Susan Rice, Director of Domestic Policy Council

Susan Rice has spent most of her career advising on U.S. foreign policy. She worked for both terms of presidents Bill Clinton and Barack Obama. In the Clinton administration, she served on the National Security Council, and as Assistant Secretary of State for African Affairs. During this stint, Rice had leading responsibility for U.S. policy in Africa during the Rwandan genocide, which entailed the murder of around 800,000 people by militia groups. During her years overseeing U.S.-African policy, the Clinton administration became known for its disastrous policy towards the continent, supporting military regimes during bloody civil wars as multinational companies continued to treat the entire region as an endless supply of resources, especially in oil and mining. Susan Rice served under the Obama administration both as National Security Advisor from 2013 to 2017, and before that she was the ambassador to the U.N.. She advocated for ongoing U.S. military intervention in Iraq, Syria and Afghanistan, and Yemen. She played an important role in the U.S.-supported far-right coup in 2014 in the Ukraine that overthrew the pro-Russian government. She was also key to the Obama administration’s so-called “pivot to Asia,” a major military buildup in the South China Sea to threaten China. And like so many Biden appointments from the Obama administration, Rice was involved in approving every person on their kill list to be assassinated by drone strike. These assassinations were so frequent, and killed an estimated 3,797 people, that the Air Force members responsible for controlling the drones from behind a computer screen near Las Vegas suffered from post-traumatic stress disorder. Rice unflinchingly supports what she has called the “unbreakable bond” between the U.S. and Israel, supporting the brutal occupation of Palestine. To top it off, Rice has millions of dollars invested in the fossil fuel industry.

Jake Sullivan, National Security Adviser

During the Obama administration, Jake Sullivan served as Deputy Chief of Staff to Secretary of State Hillary Clinton, and then as Vice President Biden’s National Security Adviser. Since then, he has worked as a highly paid consultant at firms representing everything from leading weapons contractors and financial institutions to multinational corporations and more. One of these institutions is the London and New York–based Macro Advisory Partners, run by former British spy agents at MI6. The company has a secret client list, but its primary activity is advising multinational companies in foreign policy and finance about how to better access markets and resources around the globe.
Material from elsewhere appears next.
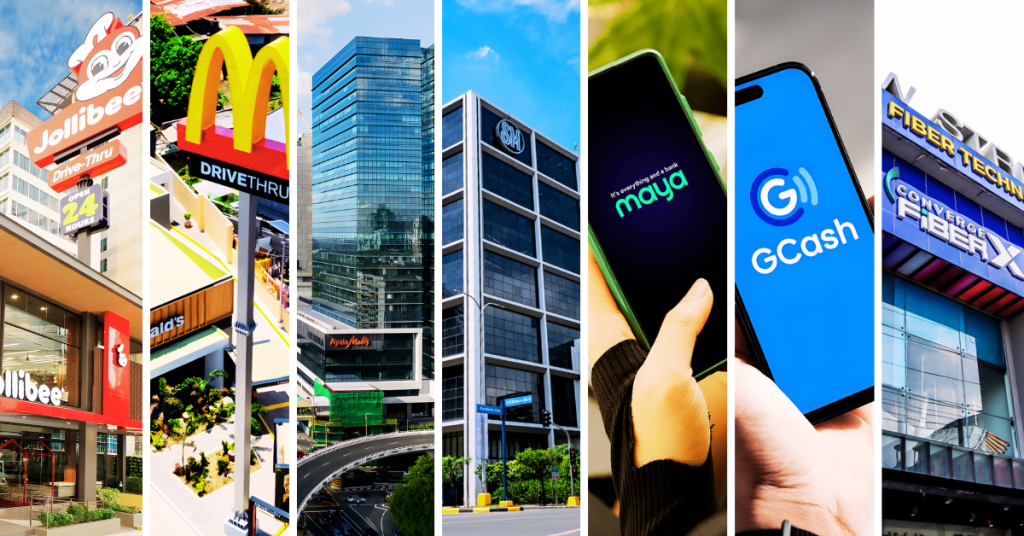 How the Battle for the Philippine Wallet is Won Through Imitation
Sullivan played a leading role when Macro Advisory Partners recently advised Uber in its effort to undermine California legislation that classified Uber drivers as full-time employees. Uber successfully maneuvered around the legislation’s orders to continue paying employees low wages with little to no benefits. Similar to the majority of the Biden administration, at the top of Sullivan’s agenda is reestablishing U.S. dominance around the world, especially in relation to China and Russia. In his March 2018 article in Foreign Affairs, Sullivan explains that the U.S. must recognize that it is in a “renewed great-power competition” with Russia and China, that China represents a “fundamental global challenge” to the U.S, which must be confronted in order to maintain U.S. dominance of the “international order.”

Linda Thomas-Greenfield, Ambassador to the United Nations

Linda Thomas-Greenfield served as U.S. ambassador to Liberia from 2008 to 2012. During this time, she helped secure access to Liberian oil for U.S. corporations, primarily Chevron. From 2013 to 2017, she served as the Assistant Secretary of State for African Affairs, continuing her support of U.S. firms and their access to African oil, mining, and other resources and markets. In 2017, she joined the consulting firm Albright Stonebridge Group, founded by former Secretary of State Madeline Albright. Thomas-Greenfield led the African practice there, where she leveraged her experience and connections in African markets to benefit large U.S. corporations.